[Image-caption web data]
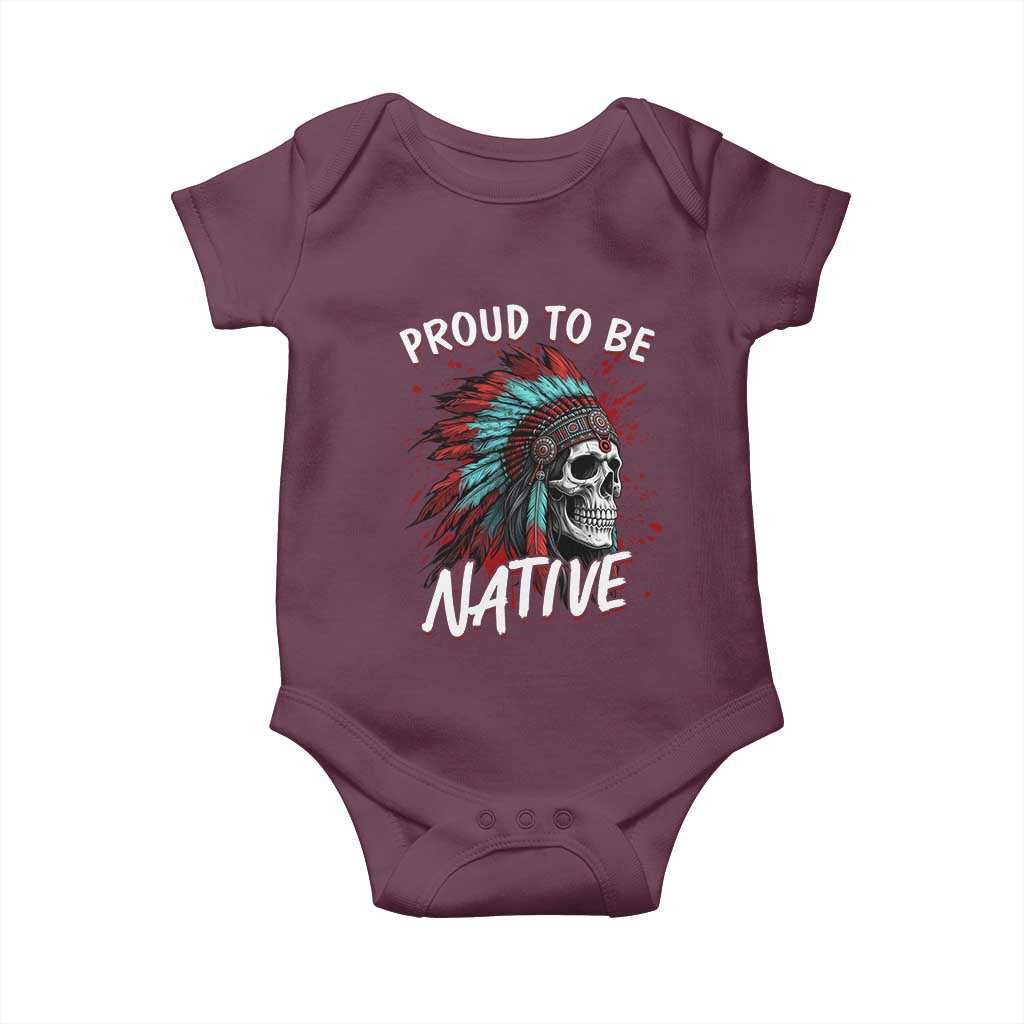 Proud To Be Native Baby Onesie Native American Skull Headdress Graphic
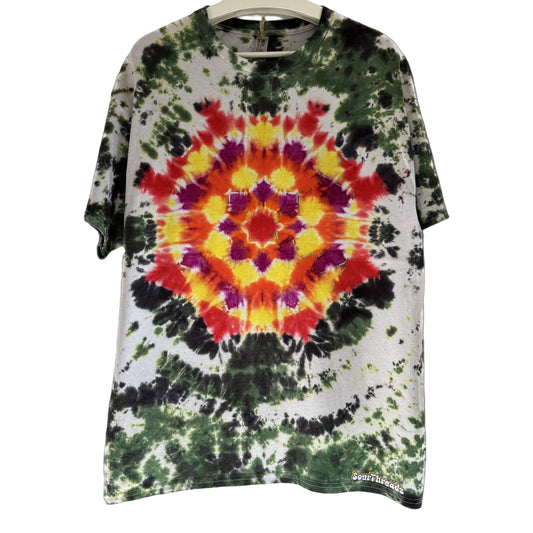 Lotus Pulse Mandala Tie-Dye T-shirt #026 Men's Unisex XL Heavy Cotton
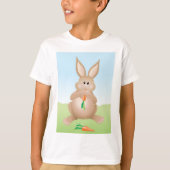 Bunny Eating Carrot Adorable Rabbit T-shirt (Voorkant)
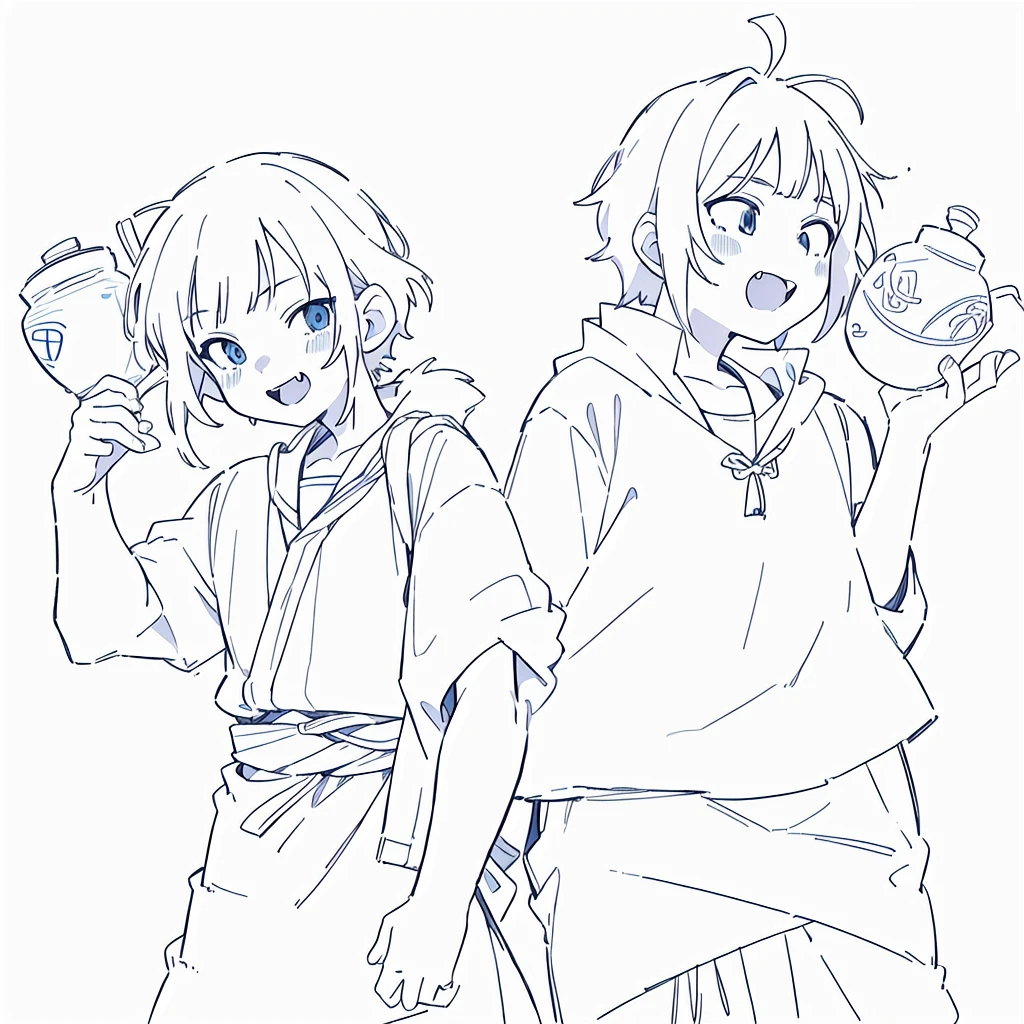 a drawing of two anime characters one is holding a jar, bold lineart, simple lineart, thick lineart, clean lineart, petros and leonid, perfect lineart, clean anime outlines, lineart, hidari and vlop, in japanese anime style, in anime style, wearing a toga, sirius a and sirius b, in an anime style, fangs, anime boy and girl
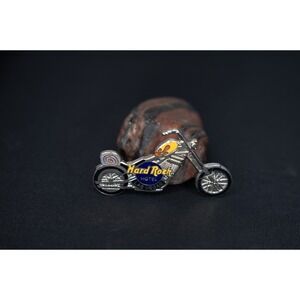Hard Rock Cafe Pin Las Vegas Motorcycle chopper yellow and red blue logo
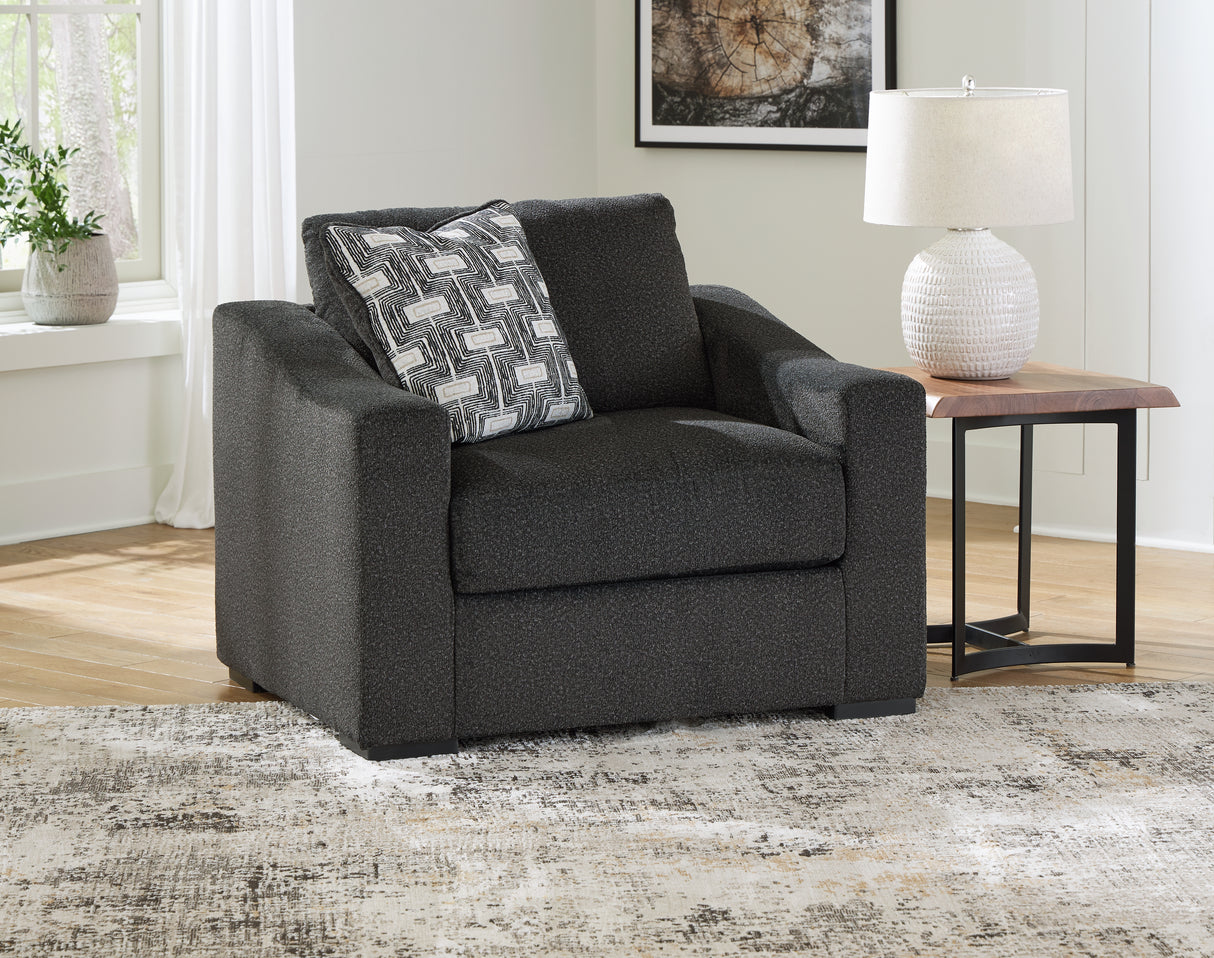 Mega Furniture - Ashley Furniture - Wryenlynn Living Room - Chair and a Half / Onyx - 4940523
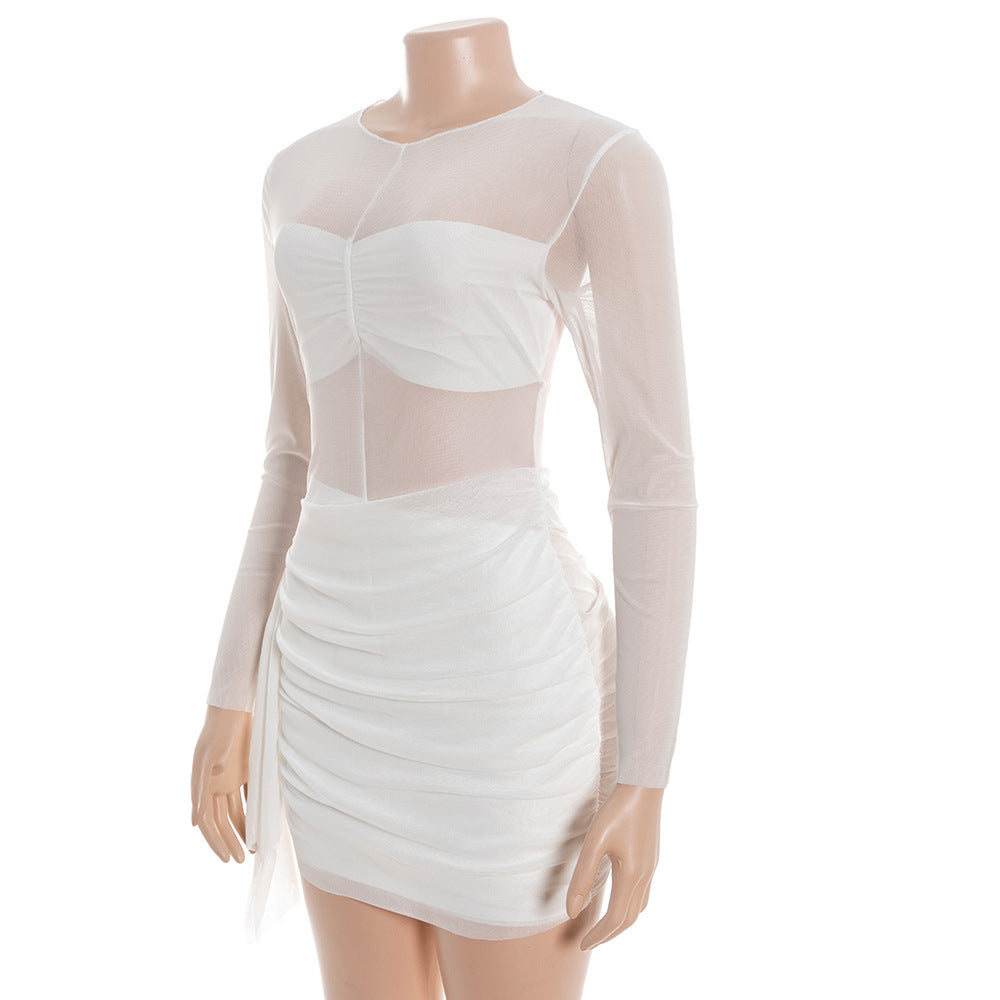 MB1316 Sheer Mesh Long Sleeve Ruched Mini Party Dress for Women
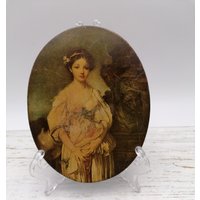 Vintage Druck, Antike Mädchen Bilder, Bild Auf Holzsockel, Ovaler Rahmen, Einzigartige Gemälde, Wanddekor von MoreVintagePortugal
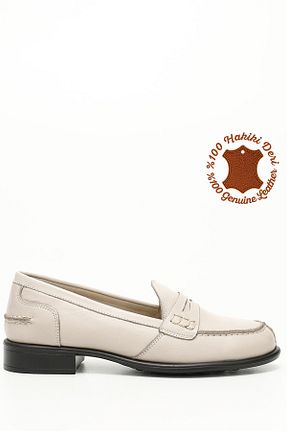 کفش لوفر بژ زنانه چرم خالص GÖNDERİ(R) - کد 252765489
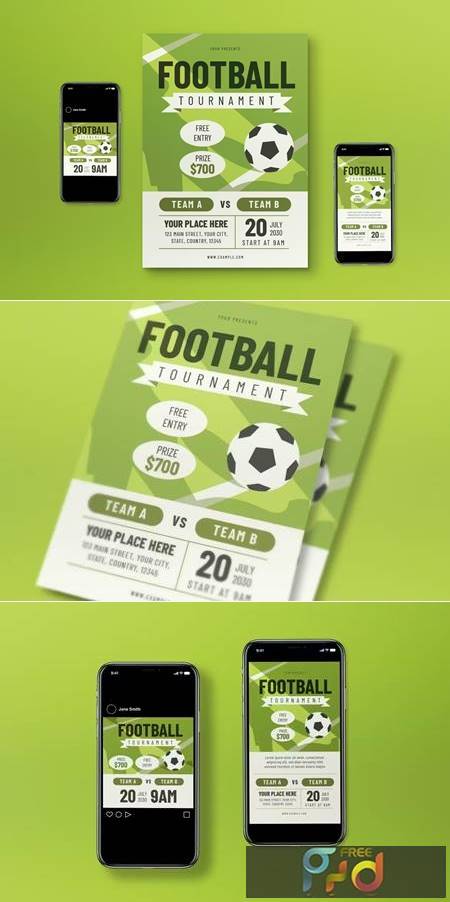Green Football Competition Flyer Set SC83GVB 1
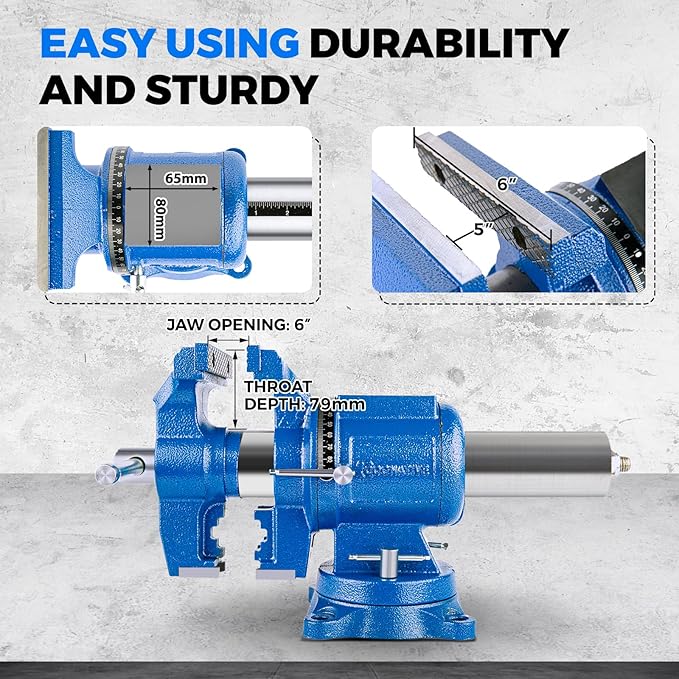 COGNATIVE 6-Inch Heavy Duty Bench Vise Ductile Iron Bench Vise 360째 Multi-Purpose Bench Vice with Anvil, Clamp force 9900lbs, Blue Swivel Vise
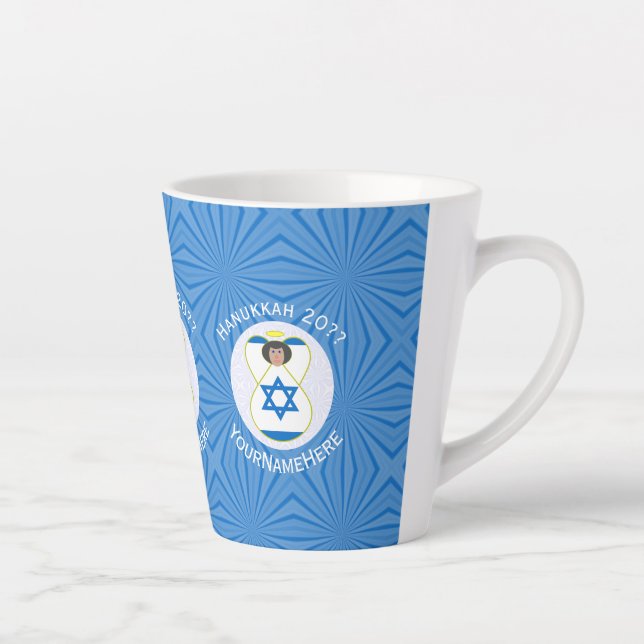 Israeli Angel Hanukkah Flag Personalized Small Latte Mug (Right)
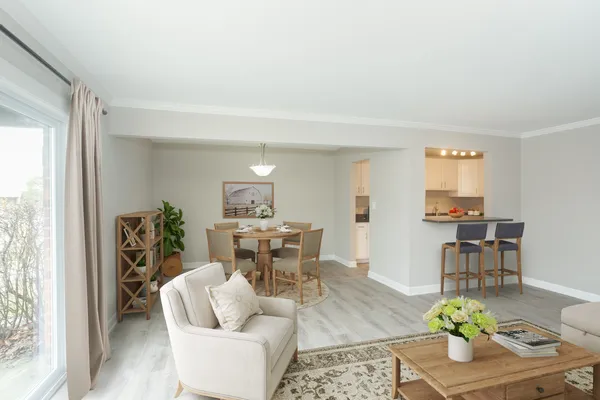 a living room with furniture and a potted plant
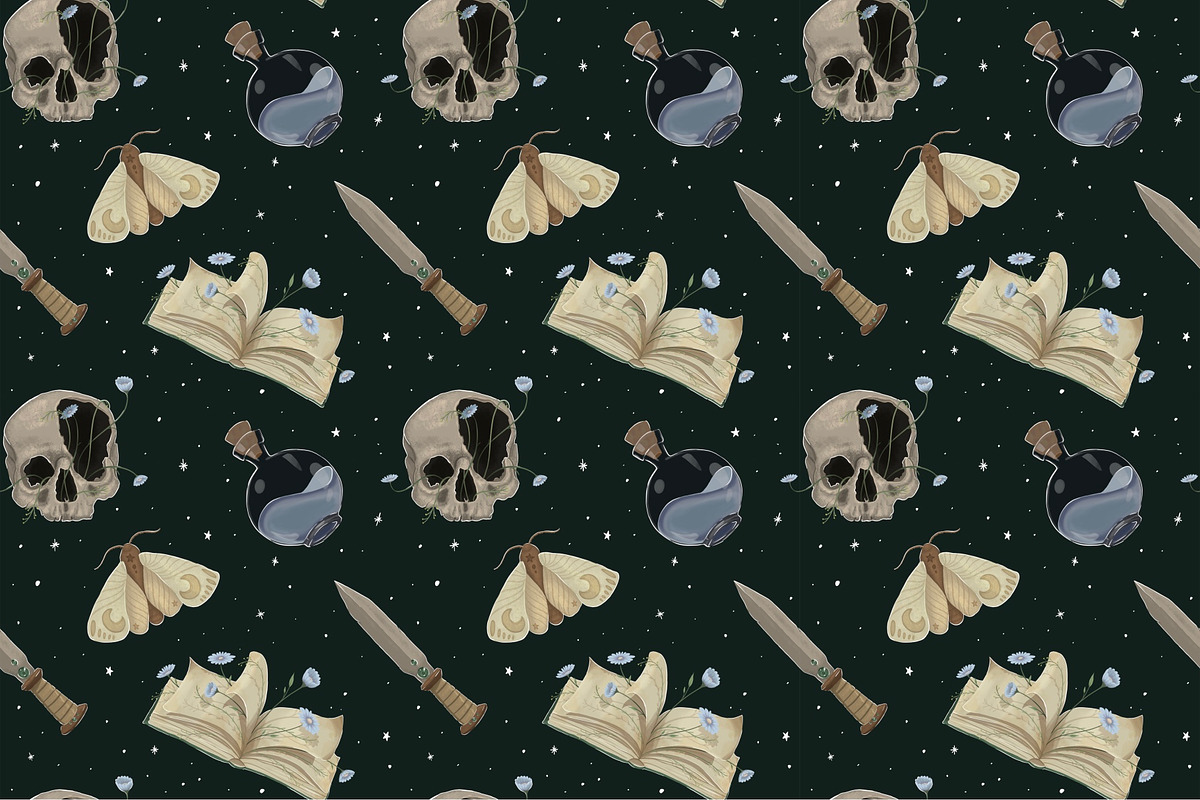 Whimsigoth Seamless Repeat Pattern, a Pattern Graphic by Forest Lily (Photo 9 of 9)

• [TO DO]:
Without the pictures, return all the entries above exactly as they stand.

• [EXPECTED ANSWER]:
 Proud To Be Native Baby Onesie Native American Skull Headdress Graphic
 Lotus Pulse Mandala Tie-Dye T-shirt #026 Men's Unisex XL Heavy Cotton
 Bunny Eating Carrot Adorable Rabbit T-shirt (Voorkant)
 a drawing of two anime characters one is holding a jar, bold lineart, simple lineart, thick lineart, clean lineart, petros and leonid, perfect lineart, clean anime outlines, lineart, hidari and vlop, in japanese anime style, in anime style, wearing a toga, sirius a and sirius b, in an anime style, fangs, anime boy and girl
Hard Rock Cafe Pin Las Vegas Motorcycle chopper yellow and red blue logo
 Mega Furniture - Ashley Furniture - Wryenlynn Living Room - Chair and a Half / Onyx - 4940523
 MB1316 Sheer Mesh Long Sleeve Ruched Mini Party Dress for Women
 Vintage Druck, Antike Mädchen Bilder, Bild Auf Holzsockel, Ovaler Rahmen, Einzigartige Gemälde, Wanddekor von MoreVintagePortugal
 کفش لوفر بژ زنانه چرم خالص GÖNDERİ(R) - کد 252765489
Green Football Competition Flyer Set SC83GVB 1
 COGNATIVE 6-Inch Heavy Duty Bench Vise Ductile Iron Bench Vise 360째 Multi-Purpose Bench Vice with Anvil, Clamp force 9900lbs, Blue Swivel Vise
 Israeli Angel Hanukkah Flag Personalized Small Latte Mug (Right)
 a living room with furniture and a potted plant
 Whimsigoth Seamless Repeat Pattern, a Pattern Graphic by Forest Lily (Photo 9 of 9)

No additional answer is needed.